(Beginning of Working data)

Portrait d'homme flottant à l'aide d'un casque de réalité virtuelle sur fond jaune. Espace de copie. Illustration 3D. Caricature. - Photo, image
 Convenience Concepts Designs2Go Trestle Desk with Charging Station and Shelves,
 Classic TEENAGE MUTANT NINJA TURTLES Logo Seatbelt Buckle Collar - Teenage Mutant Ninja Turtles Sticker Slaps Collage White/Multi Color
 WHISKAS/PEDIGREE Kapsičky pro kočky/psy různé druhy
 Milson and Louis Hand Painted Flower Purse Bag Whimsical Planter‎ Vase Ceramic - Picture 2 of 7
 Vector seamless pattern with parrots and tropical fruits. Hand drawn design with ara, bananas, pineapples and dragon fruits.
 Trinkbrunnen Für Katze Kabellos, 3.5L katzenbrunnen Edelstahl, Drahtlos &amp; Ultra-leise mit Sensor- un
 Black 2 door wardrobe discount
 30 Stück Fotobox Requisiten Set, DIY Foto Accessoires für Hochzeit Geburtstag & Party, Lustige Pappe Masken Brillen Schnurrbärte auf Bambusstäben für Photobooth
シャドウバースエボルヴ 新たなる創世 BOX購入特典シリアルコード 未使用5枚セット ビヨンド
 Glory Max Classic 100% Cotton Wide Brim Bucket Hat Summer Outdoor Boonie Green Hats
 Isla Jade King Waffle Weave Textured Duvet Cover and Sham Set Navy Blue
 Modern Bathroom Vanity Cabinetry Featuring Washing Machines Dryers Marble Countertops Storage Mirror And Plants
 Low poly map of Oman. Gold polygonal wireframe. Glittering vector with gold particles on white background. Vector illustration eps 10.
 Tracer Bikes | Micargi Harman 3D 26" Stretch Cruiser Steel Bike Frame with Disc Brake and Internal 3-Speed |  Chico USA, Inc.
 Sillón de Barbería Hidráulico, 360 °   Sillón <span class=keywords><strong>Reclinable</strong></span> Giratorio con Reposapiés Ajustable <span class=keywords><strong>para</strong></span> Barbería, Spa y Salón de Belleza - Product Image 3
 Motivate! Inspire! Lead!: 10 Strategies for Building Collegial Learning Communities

(End of Working data)

▸ What you need to do:
Write down again, exactly as given, only the lines above that fall from the line with "Glory Max Classic" to the line with "Tracer Bikes |", inclusive.

▸ Exercise answer:
 Glory Max Classic 100% Cotton Wide Brim Bucket Hat Summer Outdoor Boonie Green Hats
 Isla Jade King Waffle Weave Textured Duvet Cover and Sham Set Navy Blue
 Modern Bathroom Vanity Cabinetry Featuring Washing Machines Dryers Marble Countertops Storage Mirror And Plants
 Low poly map of Oman. Gold polygonal wireframe. Glittering vector with gold particles on white background. Vector illustration eps 10.
 Tracer Bikes | Micargi Harman 3D 26" Stretch Cruiser Steel Bike Frame with Disc Brake and Internal 3-Speed |  Chico USA, Inc.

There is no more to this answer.